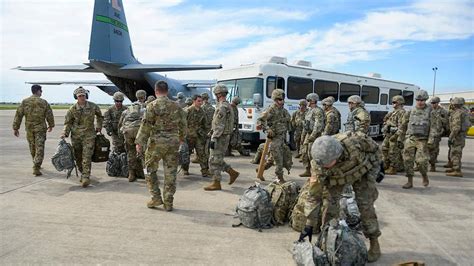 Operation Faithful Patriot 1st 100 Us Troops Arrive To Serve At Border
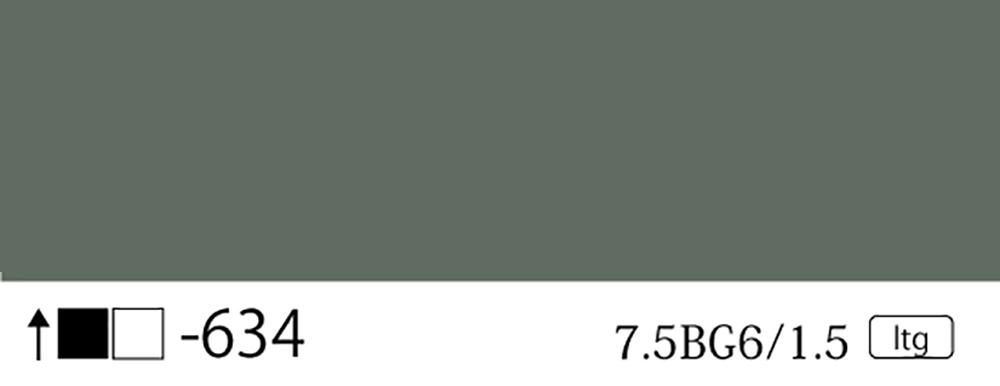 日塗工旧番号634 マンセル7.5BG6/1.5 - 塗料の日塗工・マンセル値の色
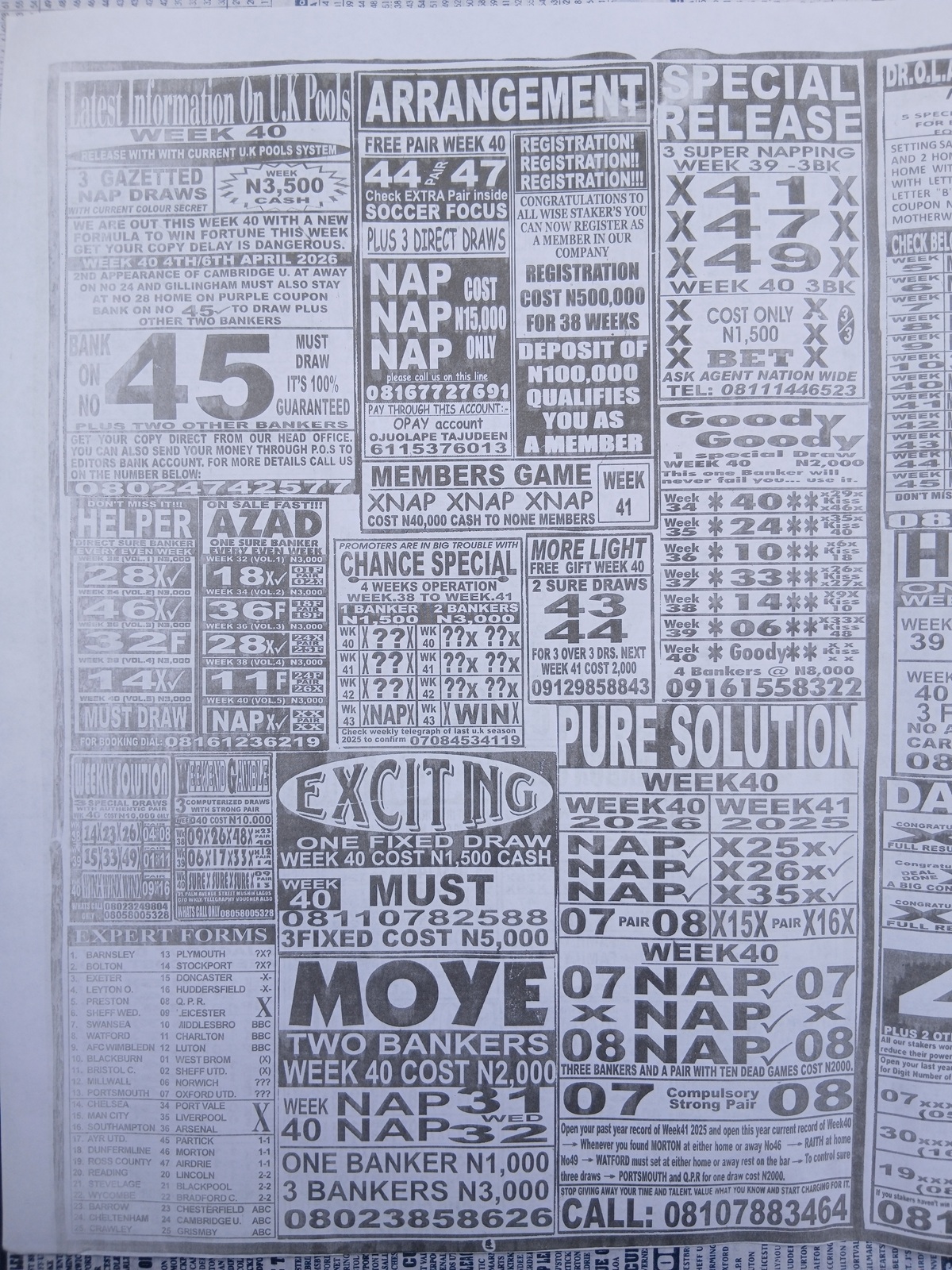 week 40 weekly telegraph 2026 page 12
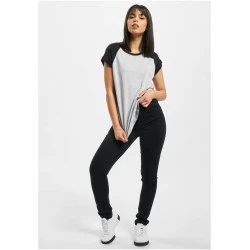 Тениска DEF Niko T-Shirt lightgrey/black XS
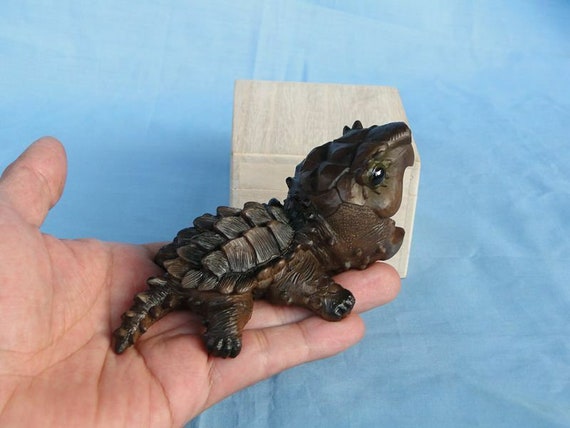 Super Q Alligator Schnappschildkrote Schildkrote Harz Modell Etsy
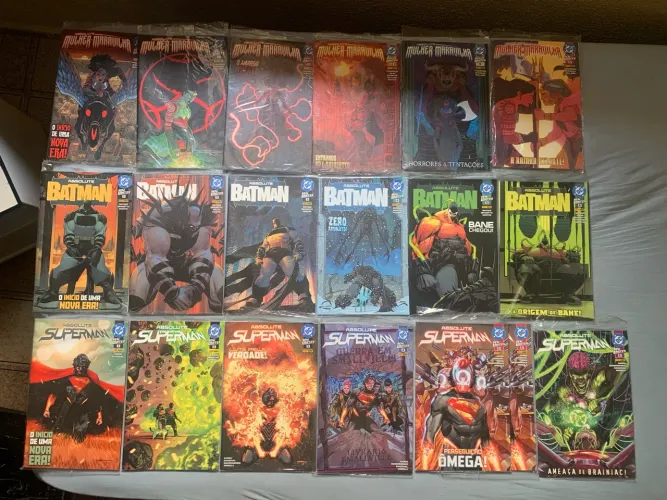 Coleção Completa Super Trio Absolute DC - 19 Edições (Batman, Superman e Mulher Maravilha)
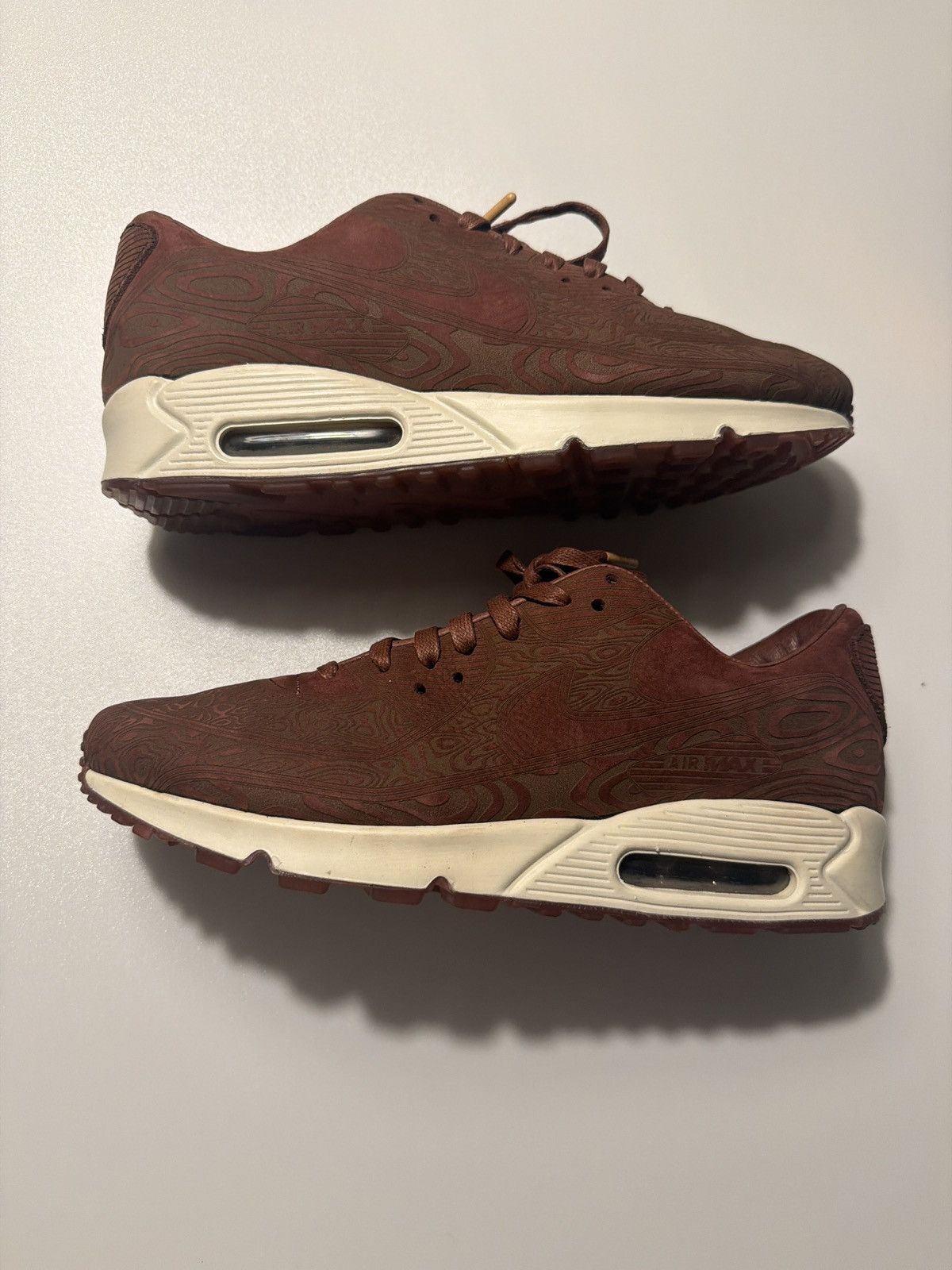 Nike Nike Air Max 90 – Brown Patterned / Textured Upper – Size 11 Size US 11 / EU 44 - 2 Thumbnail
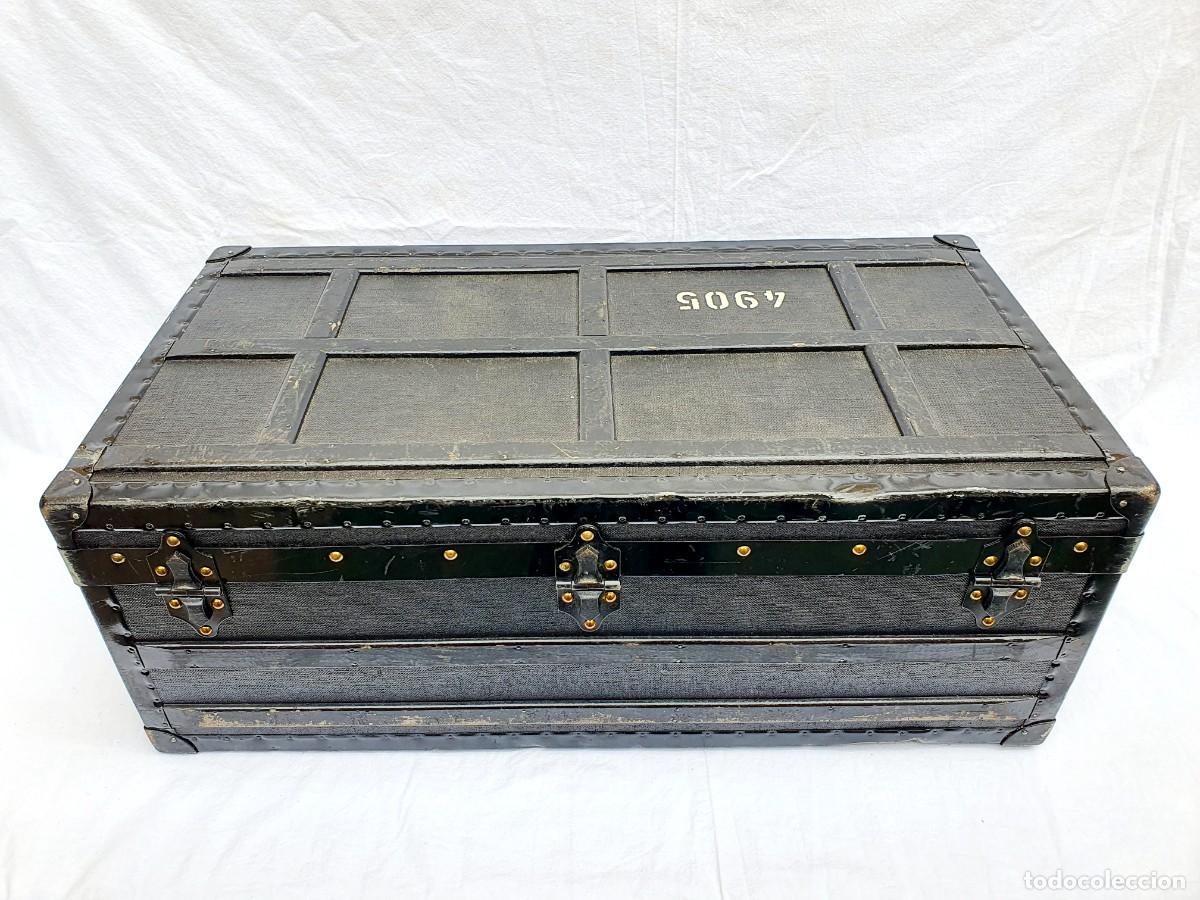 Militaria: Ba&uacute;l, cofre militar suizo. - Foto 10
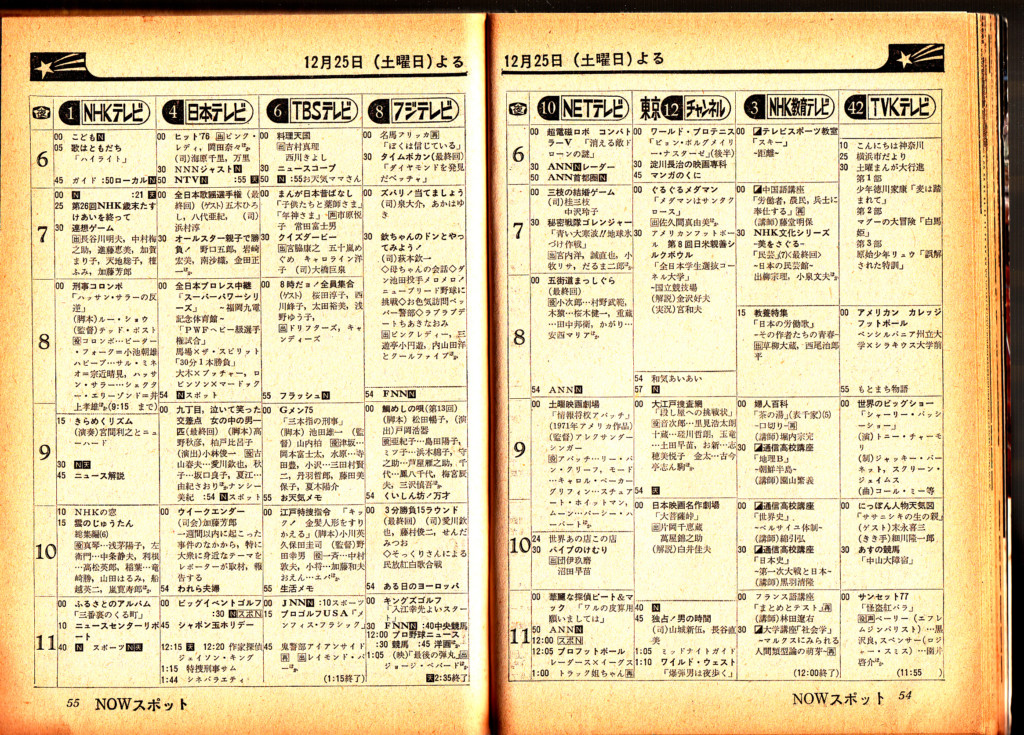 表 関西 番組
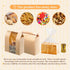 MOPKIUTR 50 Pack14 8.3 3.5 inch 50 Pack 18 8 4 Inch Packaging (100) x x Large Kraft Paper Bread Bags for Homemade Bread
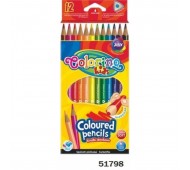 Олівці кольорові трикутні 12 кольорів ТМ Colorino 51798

→ **About this task**
Each record should be printed exactly as it appears, leaving the pictures out.

→ **Response**
 Operation Faithful Patriot 1st 100 Us Troops Arrive To Serve At Border
 日塗工旧番号634 マンセル7.5BG6/1.5 - 塗料の日塗工・マンセル値の色
 week 40 weekly telegraph 2026 page 12
 Тениска DEF Niko T-Shirt lightgrey/black XS
 Super Q Alligator Schnappschildkrote Schildkrote Harz Modell Etsy
 Coleção Completa Super Trio Absolute DC - 19 Edições (Batman, Superman e Mulher Maravilha)
 Nike Nike Air Max 90 – Brown Patterned / Textured Upper – Size 11 Size US 11 / EU 44 - 2 Thumbnail
 Militaria: Ba&uacute;l, cofre militar suizo. - Foto 10
 表 関西 番組
 MOPKIUTR 50 Pack14 8.3 3.5 inch 50 Pack 18 8 4 Inch Packaging (100) x x Large Kraft Paper Bread Bags for Homemade Bread
 Олівці кольорові трикутні 12 кольорів ТМ Colorino 51798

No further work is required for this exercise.